Wenn ein Löwe am späten Samstagnachmittag auf die Bank des Gegners geblickt hätte, dürften sich mehr und weniger gute Erinnerungen eingestellt haben. Hachings Präsident Manfred Schwabl stand da, er ist ein einstiger Sechzig-Spieler, Co-Trainer Sven Bender war eines der größten Löwentalente, die es bisher gab. Und Hachings Trainer Heiko Herrlich war als Coach von Jahn Regensburg am historischen 30. Mai 2017 dabei, als die Sechziger ihr bislang letztes Spiel in der Allianz Arena abhielten und die letzten zehn Spielminuten aufgrund von Tumulten der Sechzig-Fans eine Dreiviertelstunde lang dauerten.

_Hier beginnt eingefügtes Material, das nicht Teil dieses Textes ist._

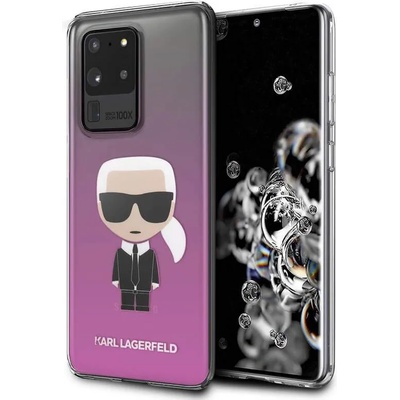 KARL LAGERFELD Iconic Gradient Case - дизайнерски кейс с висока защита за Samsung Galaxy S20 Ultra (розов)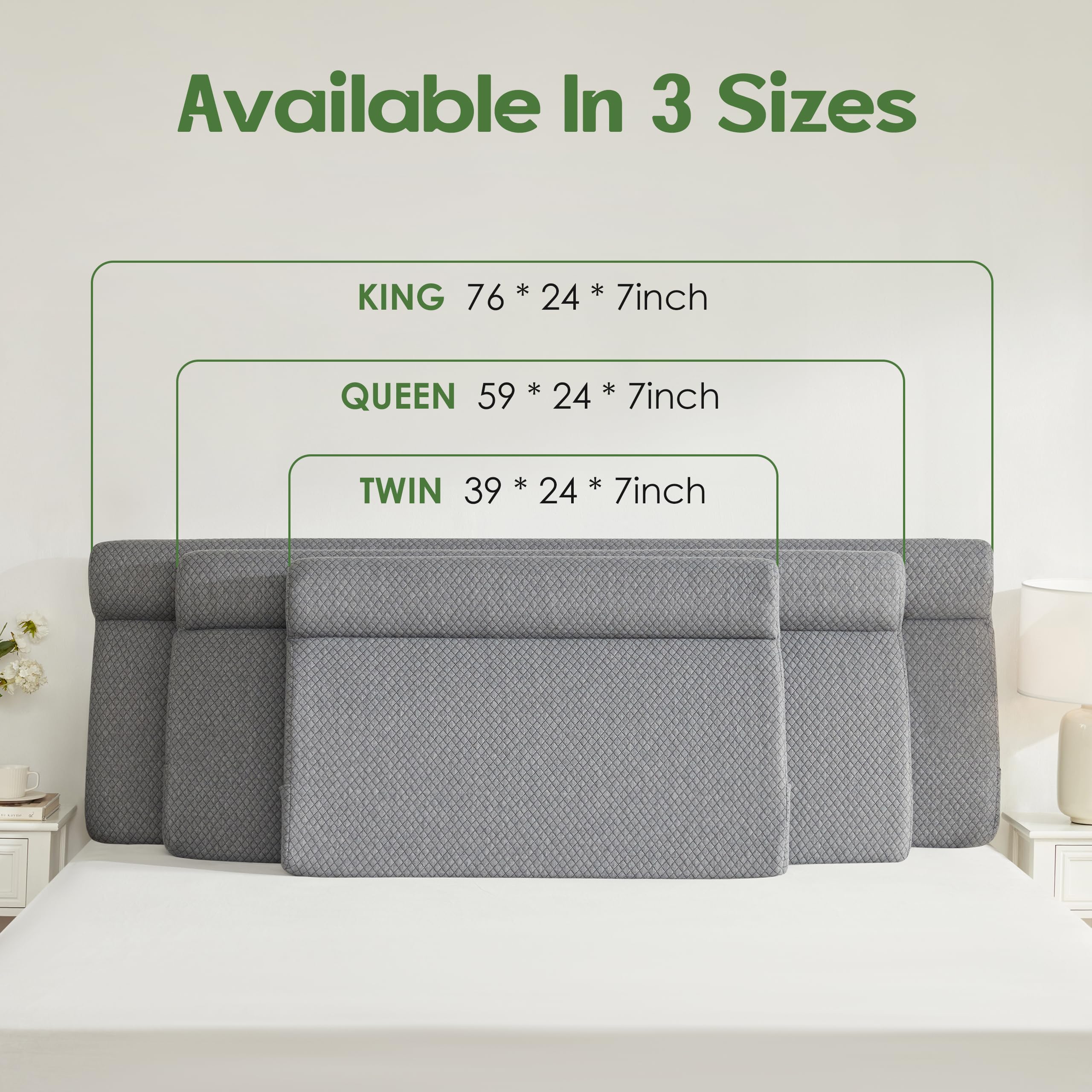 AYEASY Wedge Pillow Headboard, Queen Triangle Headboard Pillow, Bed Wedge Pillow for Headboard, Reading Backrest Pillows for Sitting in Bed Memory Foam, Long Back Rest Pillow Dorm Daybed Grey, Queen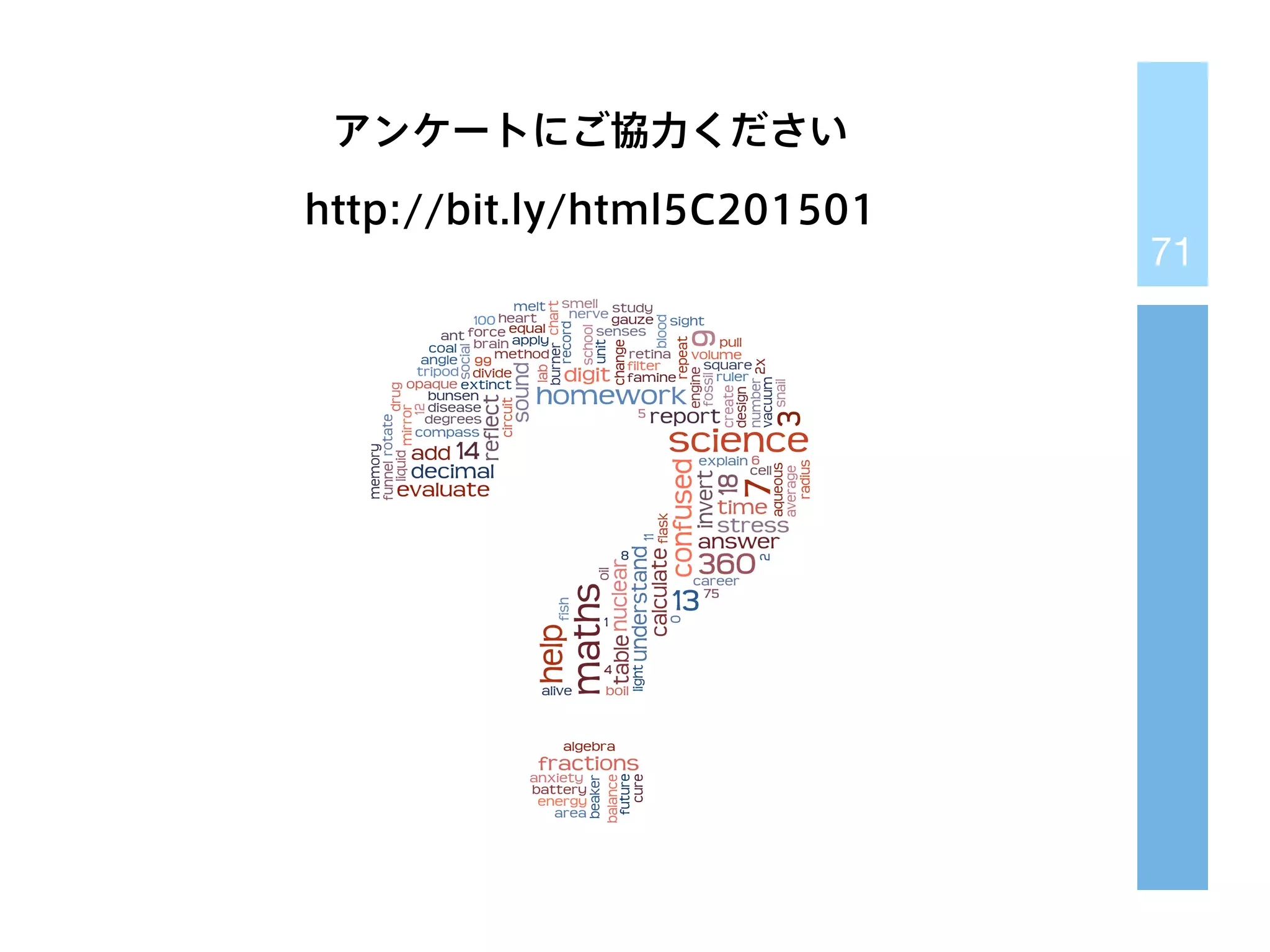 71
アンケートにご協力ください
http://bit.ly/html5C201501
 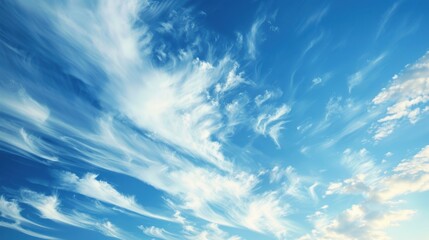 A blue background depicting a serene sky with soft, wispy clouds drifting by, creating a calming and peaceful visual effect that evokes a sense of tranquility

Diesmal war Herrlich mit der SpVgg Unterhaching ins Grünwalder Stadion gekommen, und deren Fans sorgten gegen Ende dieses Drittliga-Derbys auch für eine Spielunterbrechung, wenn auch für eine kürzere. Einige hatten kleine Feuerwerkskörper in den Fünfmeterraum geworfen, einer lag direkt neben dem Sechzig-Torhüter Marco Hiller und schwelte noch. Mitspieler zogen Hiller nervös weg, Bierbecher flogen aufs Tor.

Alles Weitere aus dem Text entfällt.